## [HOW TO COMPLETE THIS TASK]
Pictures excluded, set down exactly the lines from the one containing "Several different gold" through the final line of the material, and only those.

────

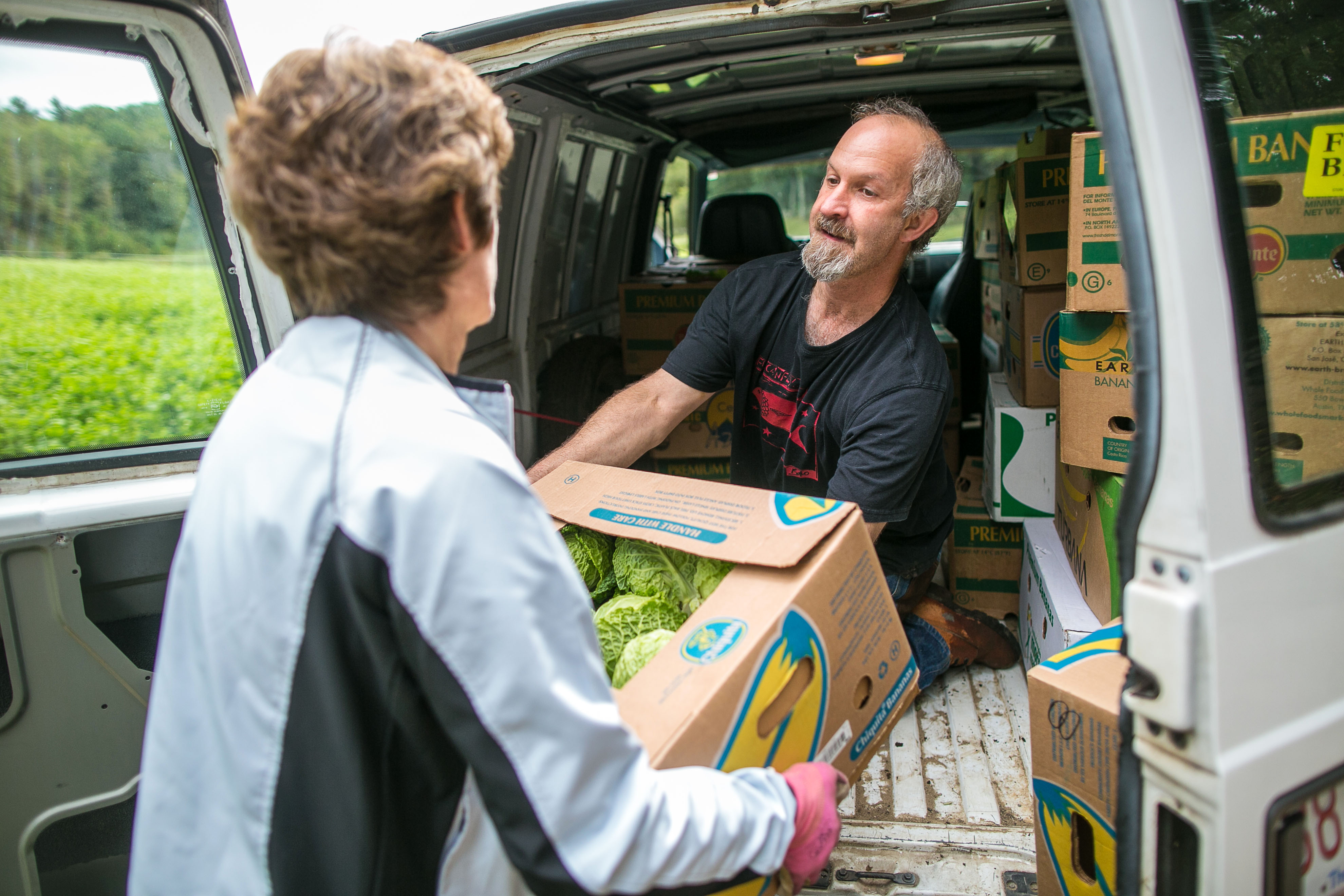 Lynn Langton and Todd Kaplan load cabbages.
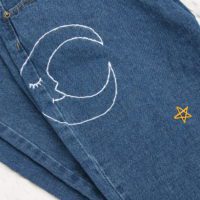 A close up of the hand embroidered moon with a smily face and gold star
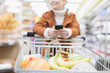 © Sam Edwards/Caia Image - Woman with smart phone pushing shopping cart in supermarket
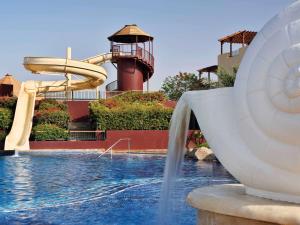 a large swimming pool with a large clock tower at Mövenpick Resort & Spa Tala Bay Aqaba in Aqaba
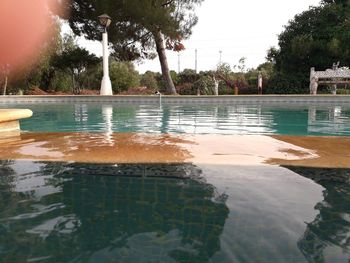 Swimming pool by lake against sky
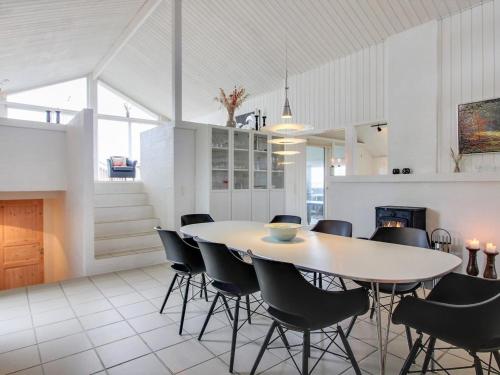 a kitchen and dining room with a table and chairs at Holiday Home Hansina - 500m from the sea by Interhome in Fanø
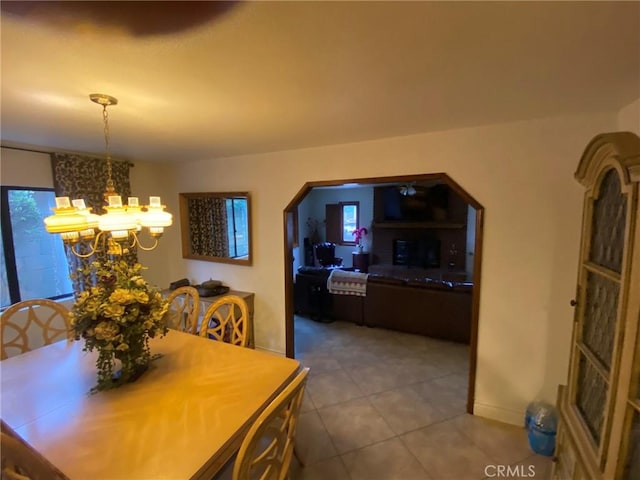 4323 Annisa Ave, Hemet, CA 92544 - dining room with a chandelier, tile patterned floors, and arched walkways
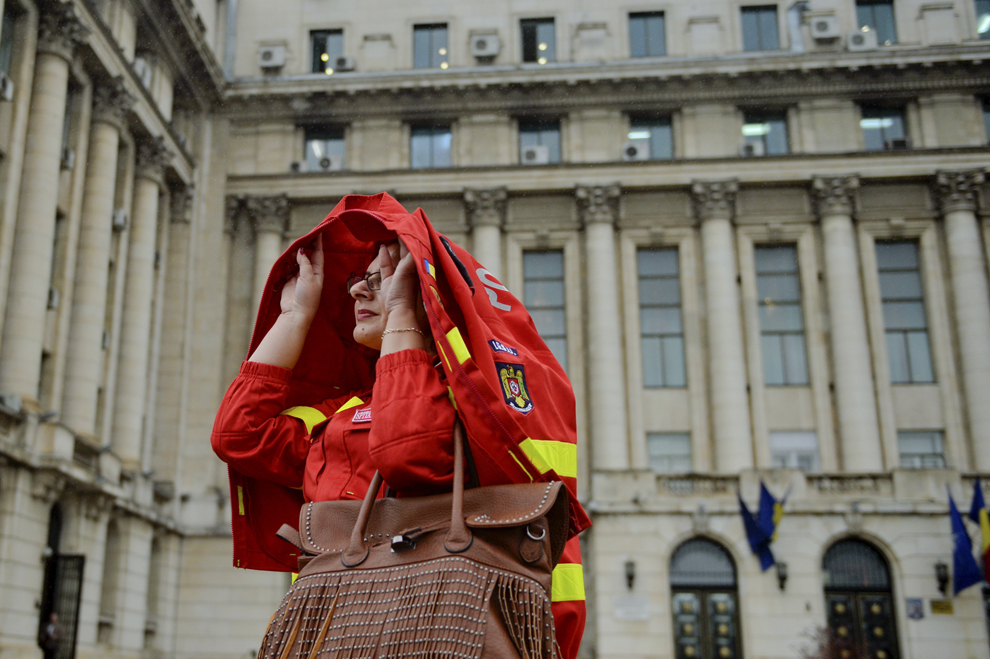 O femeie, care se fereşte de ploaie cu o haină din echipamentul SMURD, pleacă de la sediul MAI, după ce a participat la ceremonia de sărbătorire a 10 ani de operare aero-medicală SMURD, în Bucureşti, marţi, 7 octombrie 2014.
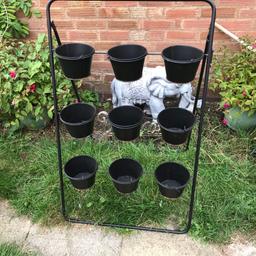 This has been used once in March then stored away,holds nine plants.collection only.has a little bit of rust which could be rubbed away I think..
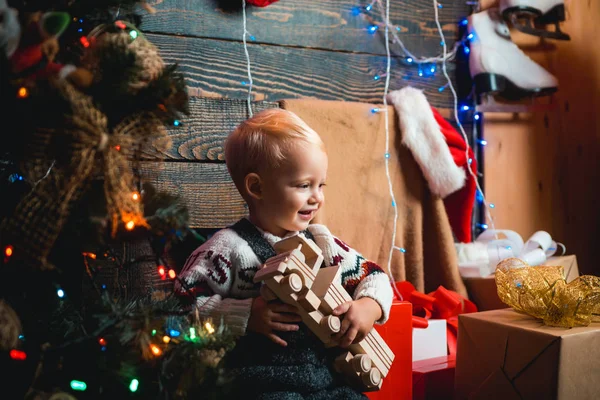 Kinder haben Spaß in der Nähe des Weihnachtsbaums drinnen. Kindergeschenk. Weihnachtskinder. Christbaumschmuck. Winterkinder. — Stockfoto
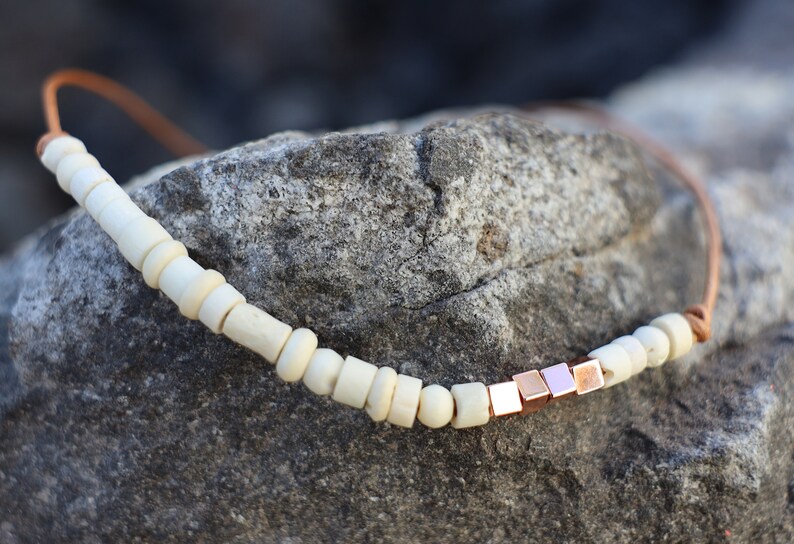 May include: A simple necklace with white wooden beads and a row of rose gold square beads.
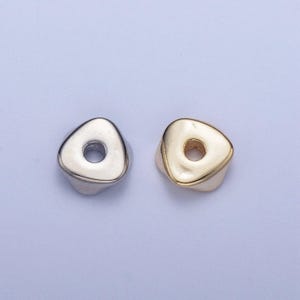 May include: Two triangle-shaped beads with a hole in the center. One bead is silver and the other is gold.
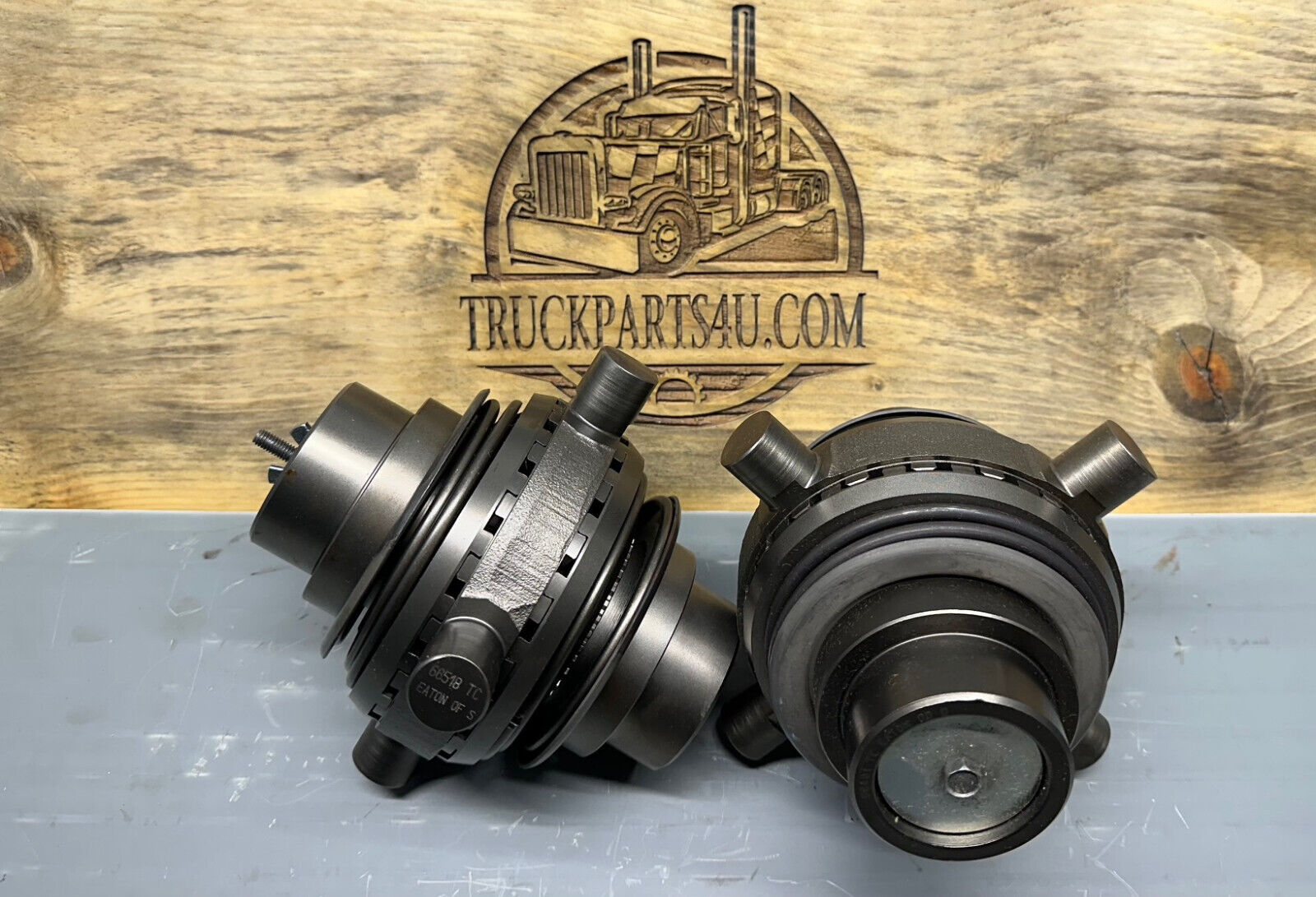 Eaton Detroit Locker 250S-97 for F106 axle, 1.750 inch 34-spline, front three-quarter view of two units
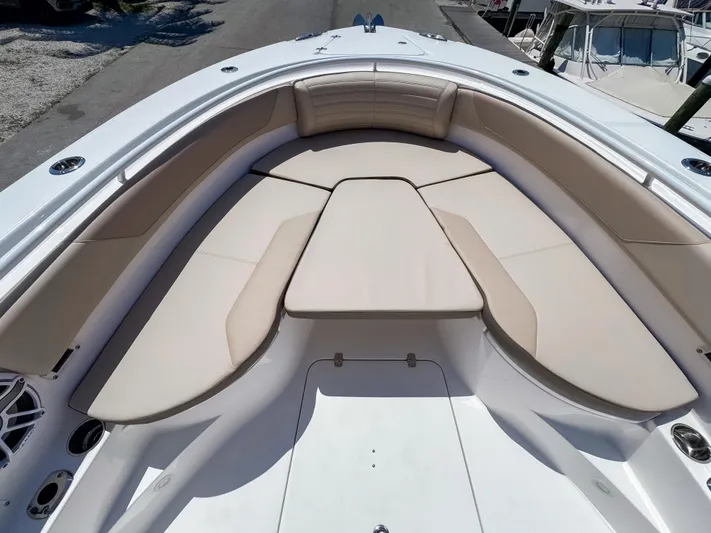  Yacht Photos Pics 2025 Edgewater 325CC boat with spacious, cushioned seating area in the bow.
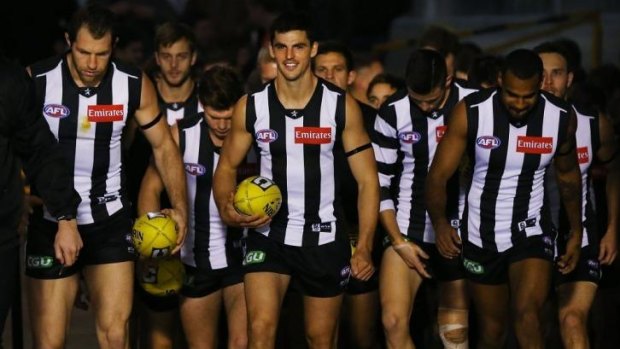 Leader of the pack: Magpies captain Scott Pendlebury (centre) has impressed coach Nathan Buckley.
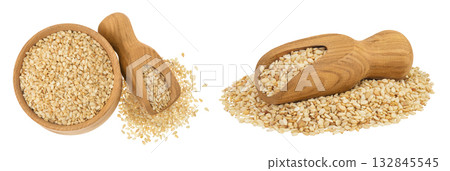 Sesame seeds in wooden bowl and scoop isolated on white background. Top view. Flat lay 132845545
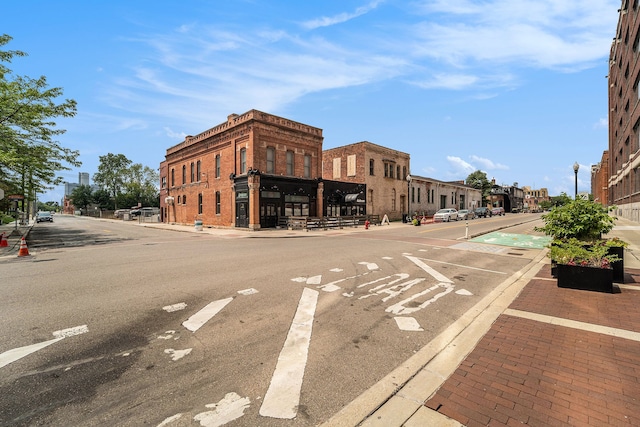 view of asphalt road with sidewalks, curbs, and street lighting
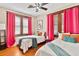 Bedroom with two beds and bright pink curtains offers a comfy and inviting space to unwind and rest at 501 Washington Ave, Eustis, FL 32726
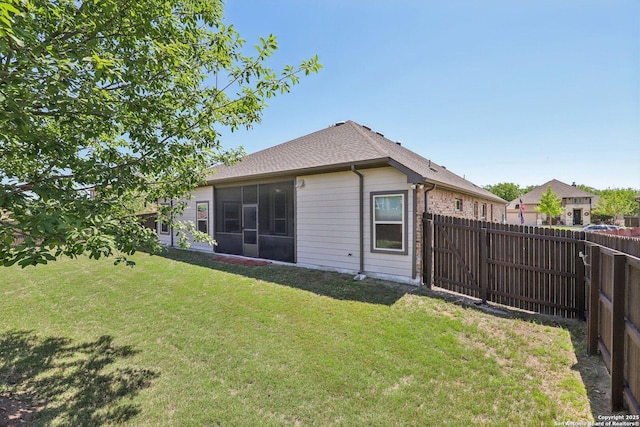 rear view of property with a fenced backyard, a yard, and a shingled roof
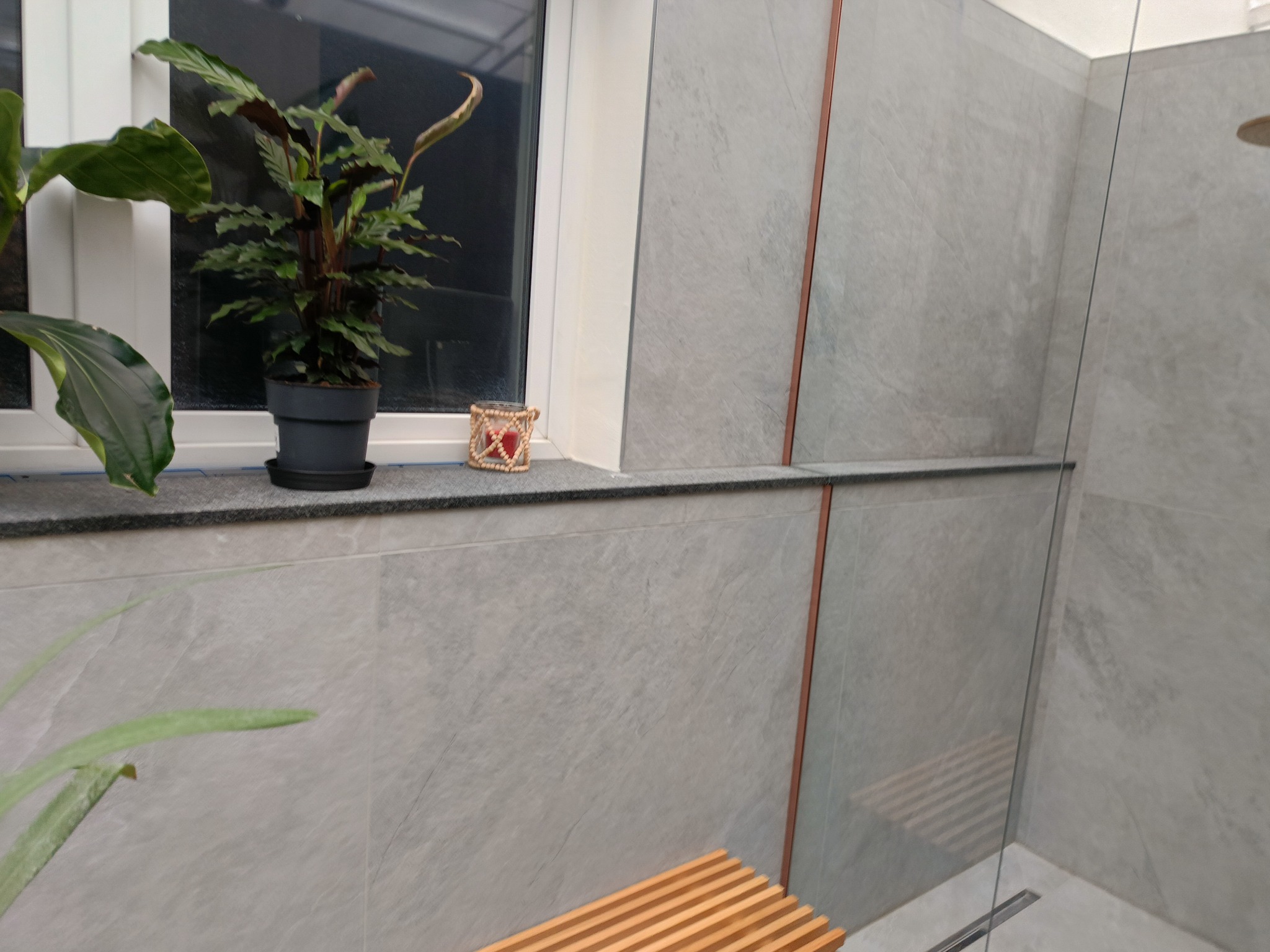 Minimalistyczna łazienka z szarymi płytkami, drewnianym siedziskiem pod prysznicem i roślinami w doniczkach na parapecie okna. Nowoczesny design z akcentami natury.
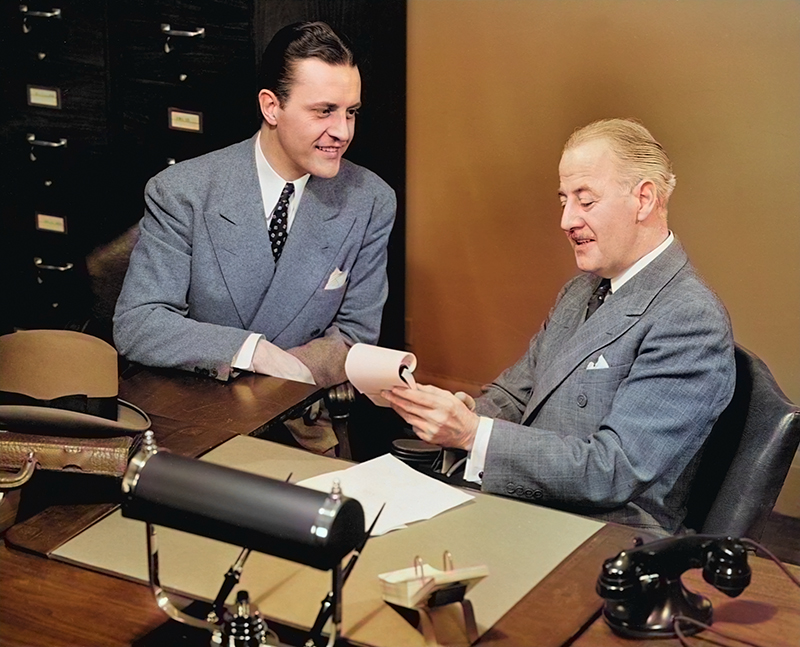 Colorized photograph of two men wearing suits seated at a desk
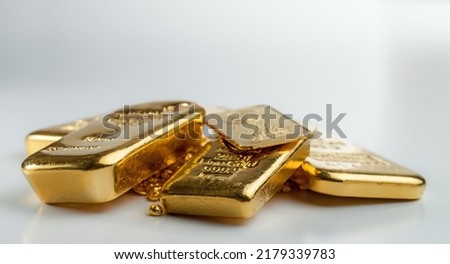 Several different gold bars lie on a pile of gold pellets. Selective focus.  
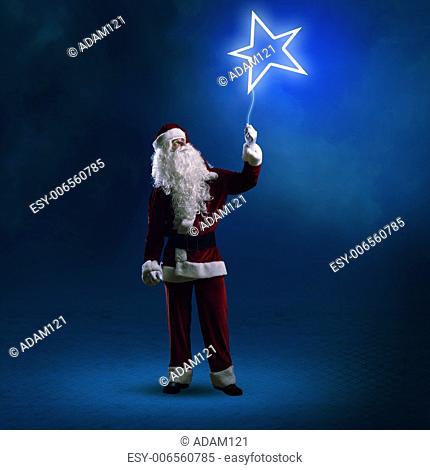 Santa Claus is holding a shining star sign on a string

────

## [WRITTEN ANSWER]
 Several different gold bars lie on a pile of gold pellets. Selective focus.  
 Santa Claus is holding a shining star sign on a string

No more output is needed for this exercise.